Microsoft Hatred FAQ
usenet at eikepreuss.de
Wed Oct 26 10:35:01 CEST 2005
David Schwartz wrote:
>>But if *every* vendor has to make that same choice, there is no place for
>>that other 5% to go to buy another operating system. So the other
>>operating system(s) die off. And those 5% become customers of Microsoft
>>since there's no other choice left. And *that* is where the legal
>>problems start: they gained market share by preventing consumers from
>>finding competing products.
> Right, except that's utterly absurd. If every vendor takes their tiny
> cut of the 95%, a huge cut of the 5% is starting to look *REALLY* good.

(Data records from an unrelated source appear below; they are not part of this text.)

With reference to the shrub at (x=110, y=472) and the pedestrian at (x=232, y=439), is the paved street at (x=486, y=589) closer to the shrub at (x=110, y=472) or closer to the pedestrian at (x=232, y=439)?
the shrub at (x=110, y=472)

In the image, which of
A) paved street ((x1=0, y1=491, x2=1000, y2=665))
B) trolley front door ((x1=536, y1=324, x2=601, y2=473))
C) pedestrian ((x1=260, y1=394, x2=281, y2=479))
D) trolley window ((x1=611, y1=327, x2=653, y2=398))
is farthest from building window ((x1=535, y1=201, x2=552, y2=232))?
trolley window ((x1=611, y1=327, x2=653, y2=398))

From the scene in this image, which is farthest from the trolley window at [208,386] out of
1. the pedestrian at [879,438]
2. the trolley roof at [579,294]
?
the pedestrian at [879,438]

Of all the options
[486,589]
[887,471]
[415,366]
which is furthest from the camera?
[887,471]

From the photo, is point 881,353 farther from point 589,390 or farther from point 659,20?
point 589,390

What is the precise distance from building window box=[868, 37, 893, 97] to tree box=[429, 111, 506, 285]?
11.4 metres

Sure, that would be true if the market would be / would have been really
global. In practice if you have a shop you have a limited 'region of
influence'. Optimally you are the only shop in this region that sells
the stuff, or perhaps there are a few shops that compete with you. Lets
say in your region are two shops competing with you, and you must decide
wether to sell product A (95%) or B (5%), but you may not sell both.
Decision 1: Sell A, share the 95% of the local market with two -> about
32% of the local market for all of you, if all perform equally good
Decision 2: Sell B -> you get the 5% of the market, the others 47% each
This calculation is probably still a very bad approximation of the
truth, but things are definitely not as easy as you state them.